Over 2 million EDGAR filing artifacts!

That’s right – our pre-parsing and normalization tools have made available over two million observations of various data items from EDGAR filings.  This is a huge number. It sort of blew me away when I received a message this morning from one of our team who is in the process of provisioning new storage space.  He was running a test involving just 10-K artifacts and had logged more than 1.7 million items.  Combining that with our PROXY extracted artifacts that total jumps to more than two million.

We are having to provision new space and work on a new delivery architecture because our existing system has out-grown both the ability to manage the volume of incoming artifacts as well as the number of outgoing requests.  We are getting ready to add insider trading data to match to the Named Executive Officers and the Directors.  That addition alone will add approximately another million items. We have also been parsing the older 10-Ks into item number sections to conform to our existing availability of the newer ones – that process should add at least another million separate files for download.

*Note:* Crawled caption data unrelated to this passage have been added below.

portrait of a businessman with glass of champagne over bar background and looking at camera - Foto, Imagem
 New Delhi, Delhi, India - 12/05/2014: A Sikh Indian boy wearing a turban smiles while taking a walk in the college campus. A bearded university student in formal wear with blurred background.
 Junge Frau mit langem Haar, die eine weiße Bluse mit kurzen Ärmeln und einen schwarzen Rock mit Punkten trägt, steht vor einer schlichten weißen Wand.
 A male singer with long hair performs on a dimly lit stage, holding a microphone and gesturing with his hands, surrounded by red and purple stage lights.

Once our new storage space is provisioned and working we will then turn back to finishing a new version of the Search, Extraction and Normalization Engine.  One of the key goals of this project will be to improve your download speed by a factor of at least four.  Our existing architecture did not allow for parallel access to our data repository.  Our new platform will allow us to design the application to run multiple simultaneous connections between your desktop and our repository for data access.